I believe it is easy to see that the edge-graph of such a polytope must be bipartite, and thus, zonotopes might be a good place to start looking. But my constructions fail for $d\ge 4$.
 A: The answer is No, there are no other such polytopes. The proof is quite laborious in parts, and I wrote it down in this article.

Theorem. In dimension $d\ge 4$, an edge-transitive polytope is vertex-transitive.

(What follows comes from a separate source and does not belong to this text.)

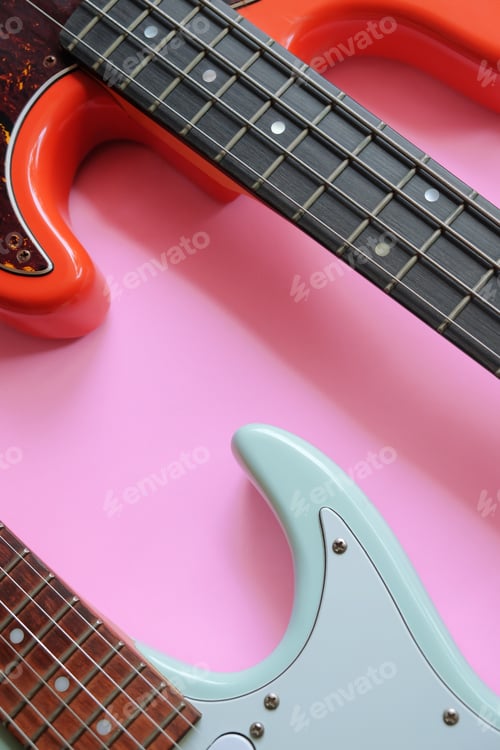 Preview: Electric guitar and bass guitar on a pink background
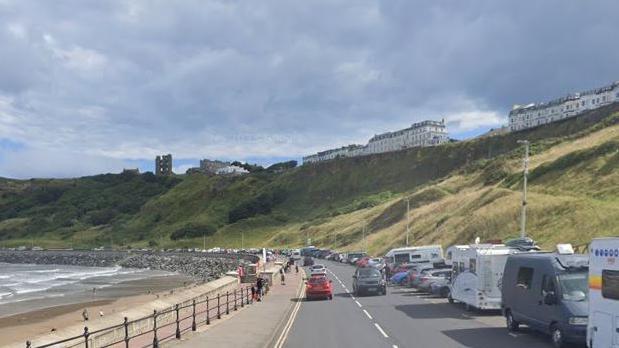 Cars and motorhomes parked along Scarborough sea front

The idea is as follows: first, show that every edge-transitive polytope $P$ that is not vertex-transitive has the following three properties:

*

*all edges of $P$ are of the same length,

*$P$ has an edge in-sphere, and

*the edge-graph of $P$ is bipartite.

Call a polytope with these three properties bipartite.
One then tries to classify these polytopes instead.
This is easier, because every face of a bipartite polytope is again bipartite (not true for edge- or vertex-transitive polytopes).
The second step is to deal with all inscribed bipartite polytopes.
It is not hard to see that these are zonotopes. By a result from this article (see also this question), inscribed zonotopes with all edges of the same length are vertex-transitive. We can therefore exclude all the inscribed bipartite polytopes.
In the third step one classifies all the 3-dimensional non-inscribed bipartite polyhedra.
This is quite tedious.
Here is one example of a polyhedron which satisfies 2. and 3., but fails to have all edges of the same length.
The deviation is so miniscule, that it cannot be spotted visually.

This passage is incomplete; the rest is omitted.